In some far away place she felt Dushasana pulling her sari from around her and she felt herself turning from the force of it, but she was too absorbed in thoughts of Krishna to care anymore. Thoughts of him were just as soothing as having him near and she could have sworn she felt his calming presence just behind her. She remembered the way he would smile and raise one eyebrow charmingly as he teased her. She thought of the reassuring sound of his deep voice as he explained to her that everything would be alright when she was getting ready to marry the five Pandava brothers. She thought of the days when he would visit her in her father’s palace as they would walk through the gardens and he would try to teach her something about the politics of warriors.

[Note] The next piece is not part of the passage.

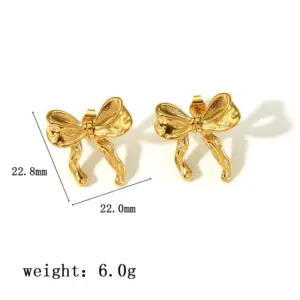 【XKE0460】Hammered Bowknot Earrings / Gold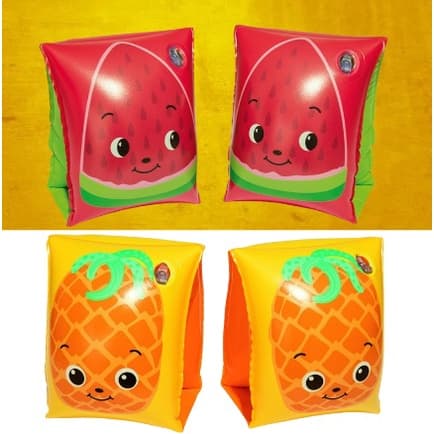 Boia Inflável Triangular Para Braços Infantil Plástico PVC Modelo Desenho Frutas Sortido 23x15 Cm Bel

Her heart filled with love for Krishna, she felt herself began to sway before she fell to the floor. Confused and out of breath, Draupadi slowly opened her eyes. The room was silent as death. Draupadi’s heart pounded in her chest but she found herself just as covered as she was when the horrible tussle began. Dushasana sat heaving on the marble floor of the gaming hall, a huge pile of discarded sari was heaped next to him standing as high as he was tall. Composing themselves quickly, the Kaurava princes began to shout all sorts of things, but Draupadi heard none of them. Her dignity saved, she felt her inner fire flaring up within her, reborn like a magnificent phoenix, shaking off the ashes.
This story of Draupadi’s was just one that we visited during our Monday night celebration at the Om Factory. It was a night for reflection and acknowledgement of the power that is always waiting for us within the sacred space of our hearts. Within that temple of our hearts lives our dear most friend. The one who is always with us, who knows us better than we know ourselves and who is always saving us from our afflictions. It was that dear most friend that Draupadi called on in her most critical moment, and it is that wonderful personality who is constantly listening to us. Draupadi’s fire came from the faith that she had in that Supreme Person who was capable of anything. It was that faith and that spark that we attempted to borrow for the evening as we chanted, laughed, told stories and formed a community with a core of kirtan.